Recovery of HPA axis function is generally prompt and complete upon discontinuation of the drug. Infrequently, signs and symptoms of steroid withdrawal may occur, requiring supplemental systemic corticosteroids.
Children may absorb proportionally larger amounts of topical corticosteroids and thus be more susceptible to systemic toxicity. If irritation develops, topical corticosteroids should be discontinued and appropriate therapy instituted.

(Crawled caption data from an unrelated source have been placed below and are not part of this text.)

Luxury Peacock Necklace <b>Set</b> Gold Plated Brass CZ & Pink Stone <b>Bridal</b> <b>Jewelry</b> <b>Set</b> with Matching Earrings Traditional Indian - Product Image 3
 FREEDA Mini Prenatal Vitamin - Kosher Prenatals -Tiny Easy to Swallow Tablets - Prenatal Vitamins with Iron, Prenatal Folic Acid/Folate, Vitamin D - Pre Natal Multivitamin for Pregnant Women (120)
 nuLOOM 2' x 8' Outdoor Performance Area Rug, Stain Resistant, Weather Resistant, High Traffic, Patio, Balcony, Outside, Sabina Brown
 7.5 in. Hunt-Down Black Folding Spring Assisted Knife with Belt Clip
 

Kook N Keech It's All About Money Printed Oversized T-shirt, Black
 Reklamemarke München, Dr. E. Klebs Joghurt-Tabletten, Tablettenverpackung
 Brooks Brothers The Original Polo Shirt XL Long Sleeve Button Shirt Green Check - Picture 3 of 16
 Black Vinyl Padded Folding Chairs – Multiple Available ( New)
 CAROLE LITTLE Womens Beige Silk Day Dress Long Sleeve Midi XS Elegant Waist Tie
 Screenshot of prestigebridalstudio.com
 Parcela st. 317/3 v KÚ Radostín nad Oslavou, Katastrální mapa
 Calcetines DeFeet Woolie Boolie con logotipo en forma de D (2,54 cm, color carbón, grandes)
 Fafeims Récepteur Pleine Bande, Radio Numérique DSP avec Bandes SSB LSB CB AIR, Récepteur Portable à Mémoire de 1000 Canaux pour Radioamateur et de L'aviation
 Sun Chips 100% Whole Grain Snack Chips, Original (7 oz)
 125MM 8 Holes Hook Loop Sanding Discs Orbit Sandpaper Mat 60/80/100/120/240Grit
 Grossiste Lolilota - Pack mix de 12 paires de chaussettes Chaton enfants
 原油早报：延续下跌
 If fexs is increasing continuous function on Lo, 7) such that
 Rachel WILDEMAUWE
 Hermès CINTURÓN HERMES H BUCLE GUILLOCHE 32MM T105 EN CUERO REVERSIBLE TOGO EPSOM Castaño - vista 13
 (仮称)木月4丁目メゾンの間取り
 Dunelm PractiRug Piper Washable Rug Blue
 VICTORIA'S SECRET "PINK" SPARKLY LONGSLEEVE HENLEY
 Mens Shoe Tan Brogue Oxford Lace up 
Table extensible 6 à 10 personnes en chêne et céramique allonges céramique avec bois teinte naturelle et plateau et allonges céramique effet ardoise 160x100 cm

As with any topical corticosteroid product, prolonged use may produce atrophy of the skin and subcutaneous tissues. When used on intertriginous or flexor areas, or on the face, this may occur even with short term use.
In the presence of dermatological infections, the use of an appropriate antifungal or antibacterial agent should be instituted. If a favorable response does not occur promptly, the corticosteroid should be discontinued until the infection has been adequately controlled.